### Work instruction:
All entries below must be given again word for word.

[Information given Boundary: Start]

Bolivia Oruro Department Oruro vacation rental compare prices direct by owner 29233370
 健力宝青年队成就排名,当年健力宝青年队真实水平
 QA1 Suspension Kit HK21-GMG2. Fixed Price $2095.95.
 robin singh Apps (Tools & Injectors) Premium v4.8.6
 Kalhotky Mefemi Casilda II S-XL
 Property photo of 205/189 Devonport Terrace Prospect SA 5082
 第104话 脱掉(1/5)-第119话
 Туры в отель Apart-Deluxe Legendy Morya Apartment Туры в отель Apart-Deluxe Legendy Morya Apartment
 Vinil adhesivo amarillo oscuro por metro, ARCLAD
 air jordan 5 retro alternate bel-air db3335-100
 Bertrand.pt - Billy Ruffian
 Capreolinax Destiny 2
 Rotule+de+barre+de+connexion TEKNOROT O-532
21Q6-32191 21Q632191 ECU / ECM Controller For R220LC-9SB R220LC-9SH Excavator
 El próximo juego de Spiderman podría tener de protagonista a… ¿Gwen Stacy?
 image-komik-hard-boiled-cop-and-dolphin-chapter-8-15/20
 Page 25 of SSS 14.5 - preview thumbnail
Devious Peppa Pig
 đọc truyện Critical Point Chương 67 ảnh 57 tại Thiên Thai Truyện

[Information given Boundary: End]

### Response below:
Bolivia Oruro Department Oruro vacation rental compare prices direct by owner 29233370
 健力宝青年队成就排名,当年健力宝青年队真实水平
 QA1 Suspension Kit HK21-GMG2. Fixed Price $2095.95.
 robin singh Apps (Tools & Injectors) Premium v4.8.6
 Kalhotky Mefemi Casilda II S-XL
 Property photo of 205/189 Devonport Terrace Prospect SA 5082
 第104话 脱掉(1/5)-第119话
 Туры в отель Apart-Deluxe Legendy Morya Apartment Туры в отель Apart-Deluxe Legendy Morya Apartment
 Vinil adhesivo amarillo oscuro por metro, ARCLAD
 air jordan 5 retro alternate bel-air db3335-100
 Bertrand.pt - Billy Ruffian
 Capreolinax Destiny 2
 Rotule+de+barre+de+connexion TEKNOROT O-532
21Q6-32191 21Q632191 ECU / ECM Controller For R220LC-9SB R220LC-9SH Excavator
 El próximo juego de Spiderman podría tener de protagonista a… ¿Gwen Stacy?
 image-komik-hard-boiled-cop-and-dolphin-chapter-8-15/20
 Page 25 of SSS 14.5 - preview thumbnail
Devious Peppa Pig
 đọc truyện Critical Point Chương 67 ảnh 57 tại Thiên Thai Truyện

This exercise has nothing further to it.